FIG. 12 is an explanatory diagram illustrating the movement of the autonomous mobile robot according to the present embodiment. As shown in FIG. 12A, the floor panel 8 is provided with a second sensor confirmation means (magnetic tape 8i, 8k) using orthogonal tape-shaped guides and a second tape-shaped guide at an intersection. The sensor confirmation means (mark 9) is provided. Therefore, the unmanned transfer vehicle 4 can travel straight ahead accurately.

As shown in FIG. 12B, the floor panel 8 is provided with a second sensor confirmation means (magnetic tape 8i, 8k) using orthogonal tape-shaped guides and a second tape-shaped guide at an intersection. The sensor confirmation means (mark 9) is provided. Therefore, the unmanned transfer vehicle 4 can travel exactly at right angles to 12 (a).
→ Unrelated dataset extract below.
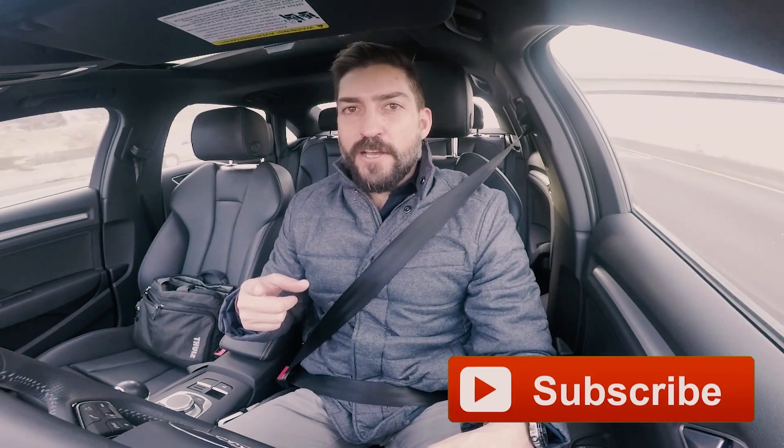All right, you guys — thanks for watching these videos, you guys are awesome. Subscribe, like, share, and definitely comment. Let me know if you guys are doing this already, or when you're going to get one. All right, take care.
As described above, the unmanned transfer vehicle 4 travels on the floor device 1 for traveling the unmanned transfer vehicle via the mark and the magnetic sensor, and another example of the arrangement position of the magnetic tape and the mark 9 will be described. FIG. 13 is an explanatory diagram illustrating the movement of the autonomous mobile robot according to the present embodiment. FIG. 14 is a flowchart of the floor device for traveling an unmanned transfer vehicle according to the present embodiment. The operation from one floor panel of the unmanned transfer vehicle 4 to the other floor panel will be described with reference to FIGS. 13 (a) to 13 (g) and FIG. Here, it is assumed that the unmanned transfer vehicle 4 is traveling in the front-rear direction on the passage 8A. Further, the mark 9 is embedded in the center of the floor panel 8.
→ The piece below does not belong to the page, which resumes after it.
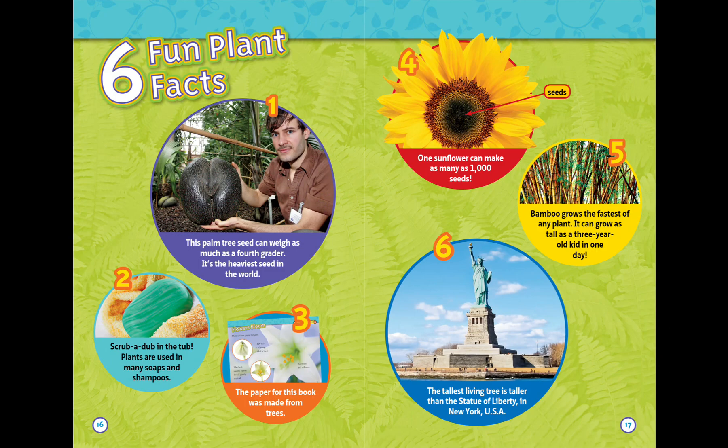Six fun plant facts! One: the palm seed can weigh as much as a fourth grader — it is the heaviest seed in the world. Two: scrub-a-dub in a tub — plants are used in many soaps and shampoos.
In step S30, the unmanned transfer vehicle 4 is located at the start (FIG. 13 (a)). The magnetic tape sensor 4c detects the magnetic tape 8a. Further, the magnetic tape sensor 4d detects the magnetic tape 8b.

In step S31, the magnetic tape sensor 4d behind the unmanned transfer vehicle 4 that has moved a little is turned off (FIG. 13 (b)). That is, the magnetic tape sensor 4d is separated from the magnetic tape 8b.

In step S32, in the unmanned transfer vehicle 4, the magnetic tape sensor 4d at the rear picks up the magnetic tape 8i (FIG. 13 (c)).

In step S33, in the unmanned transfer vehicle 4, the front magnetic tape sensor 4c is turned off (the rear magnetic tape sensor 4d is detached from the magnetic tape 8i) (FIG. 13 (d)).

In step S34, in the unmanned transfer vehicle 4, the rear magnetic tape sensor 4d is turned on (the front magnetic tape sensor 4c picks up the magnetic tape 8j) (FIG. 13 (e)).

In step S35, in the unmanned transfer vehicle 4, the magnetic tape sensor 4c in front of the unmanned transfer vehicle 4 is detached from the magnetic tape 8j (FIG. 13 (f)).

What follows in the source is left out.